I tried for years to get them the media to come to Road's End. Guess I just needed to get media-darling jdubbya as a spokesperson! To be honest, Jerry said so many great things about what it means to be a home haunter and a Halloween enthusiast. The segment could have much longer with just him.

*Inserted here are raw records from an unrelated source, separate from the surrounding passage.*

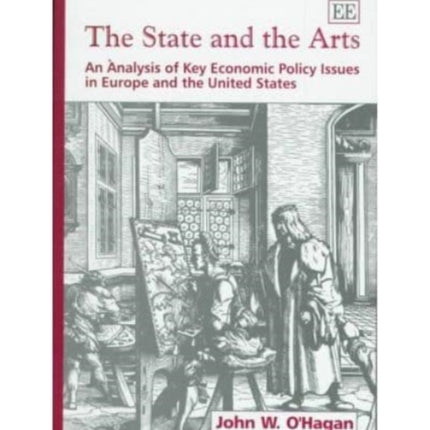 The State and the Arts: An Analysis of Key Economic Policy Issues in Europe and the United States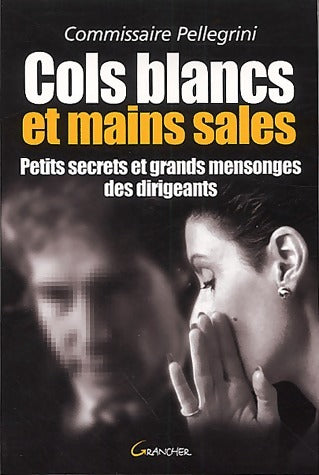 Livrenpoche : Cols blancs et mains sales - Charles Pellegrini - Livre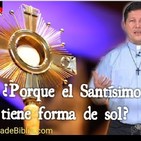 ¿POR QUÉ EL SANTÍSIMO TIENE FORMA DE SOL? - P Luis Toro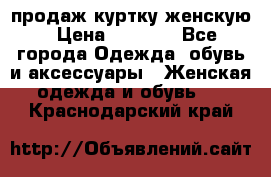 продаж куртку женскую › Цена ­ 1 500 - Все города Одежда, обувь и аксессуары » Женская одежда и обувь   . Краснодарский край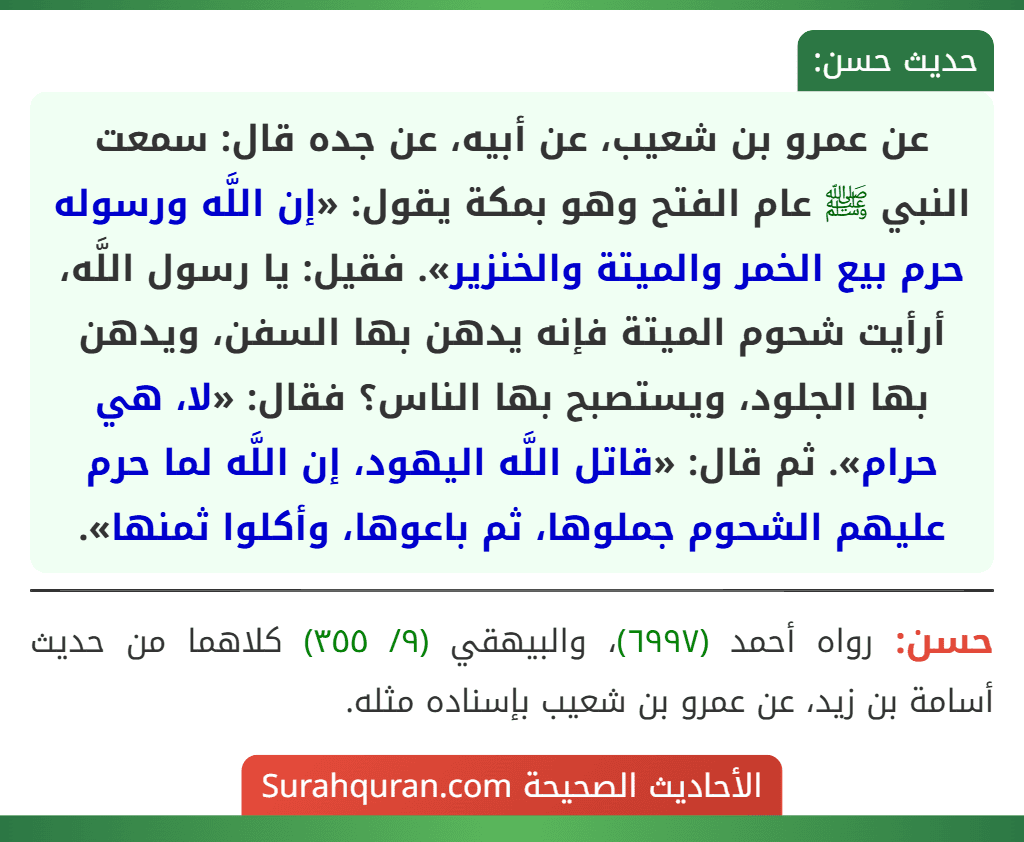 عن عمرو بن شعيب، عن أبيه، عن جده قال: سمعت النبي ﷺ عام الفتح وهو بمكة يقول: «إن اللَّه ورسوله حرم بيع الخمر والميتة والخنزير». فقيل: يا رسول اللَّه، أرأيت شحوم الميتة فإنه يدهن بها السفن، ويدهن بها الجلود، ويستصبح بها الناس؟ فقال: «لا، هي حرام». ثم قال: «قاتل اللَّه اليهود، إن اللَّه لما حرم عليهم الشحوم جملوها، ثم باعوها، وأكلوا ثمنها».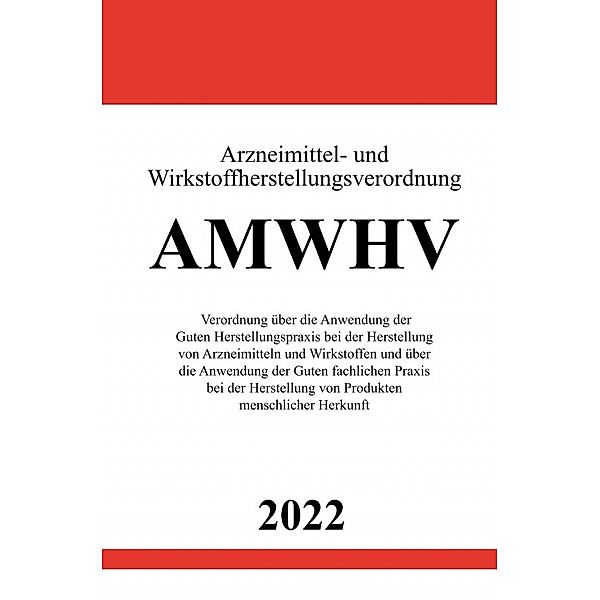 Arzneimittel- und Wirkstoffherstellungsverordnung AMWHV 2022, Ronny Studier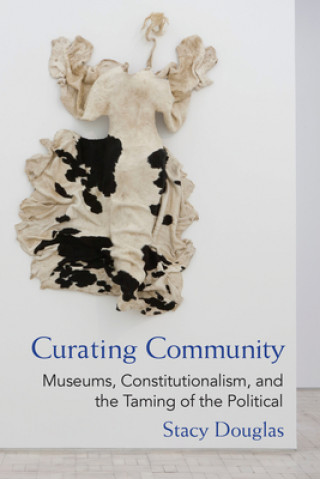 Knjiga Curating Community Stacy Douglas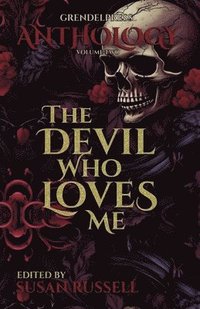 bokomslag The Devil Who Loves Me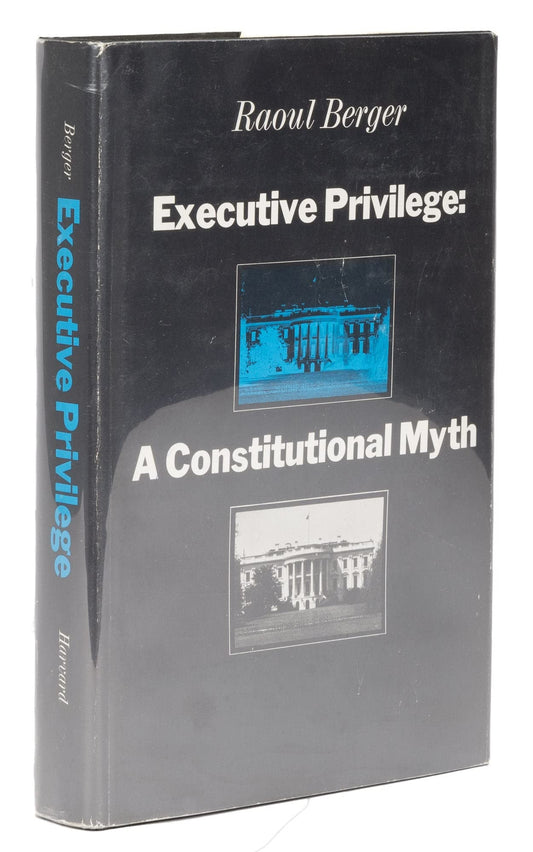 Executive Privilege: A Constitutional Myth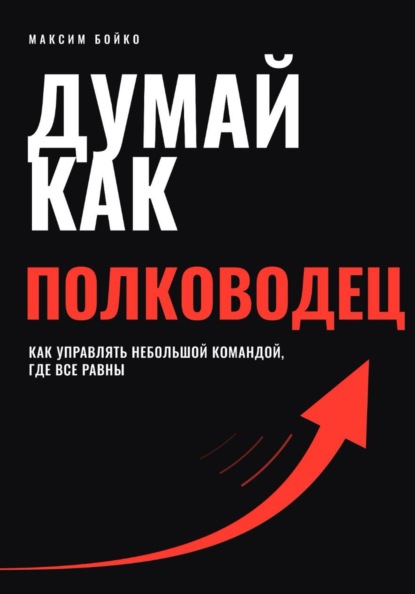 Скачать книгу Думай как полководец. Как управлять небольшой командой, где все равны
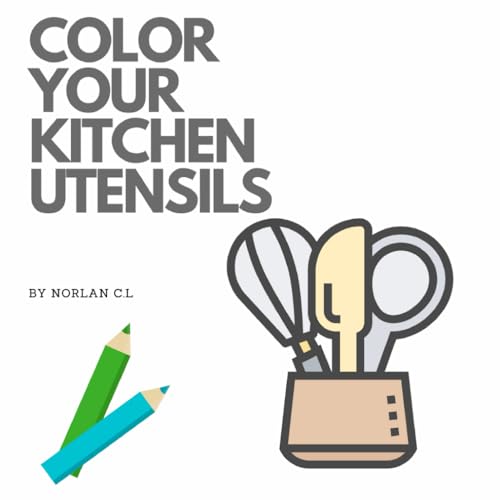 Coloring the Kitchen: Utensils and Tools: Explore Your Creativity Coloring Kitchen Utensils on Every Page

I also want to add that I am very grateful to be a part of this and appreciative of jubbya and Mrs. dubbya for letting me help haunt up Eerie Manor. The two of us have had some really great conversations about where we would like to take our haunting. It could get very interesting!:jol:


----------



## jdubbya (Nov 6, 2005)

http://www.erietvnews.com/clip/10800055/haunted-house-2300p103114

Two local channels came over and spent over an hour at our haunt doing interviews and even a walk through. We got them both good!
Here's a clip from one station..


----------



## tjc67 (Jul 28, 2013)

Nice coverage. Been waiting to hear how it went.


----------



## MotelSixx (Sep 27, 2008)

Jerry, Jessica starr from wjet posted it on Facebook at 5 On Friday along with your address AGAIN lol. I just saw it ten minutes ago.


----------



## Hairazor (Mar 13, 2012)

"Go in there and come out alive!"

You guys Rock! Haunt on!!


----------



## RoxyBlue (Oct 6, 2008)

Yay for you guys! Sounds like your visitors loved what you did.


----------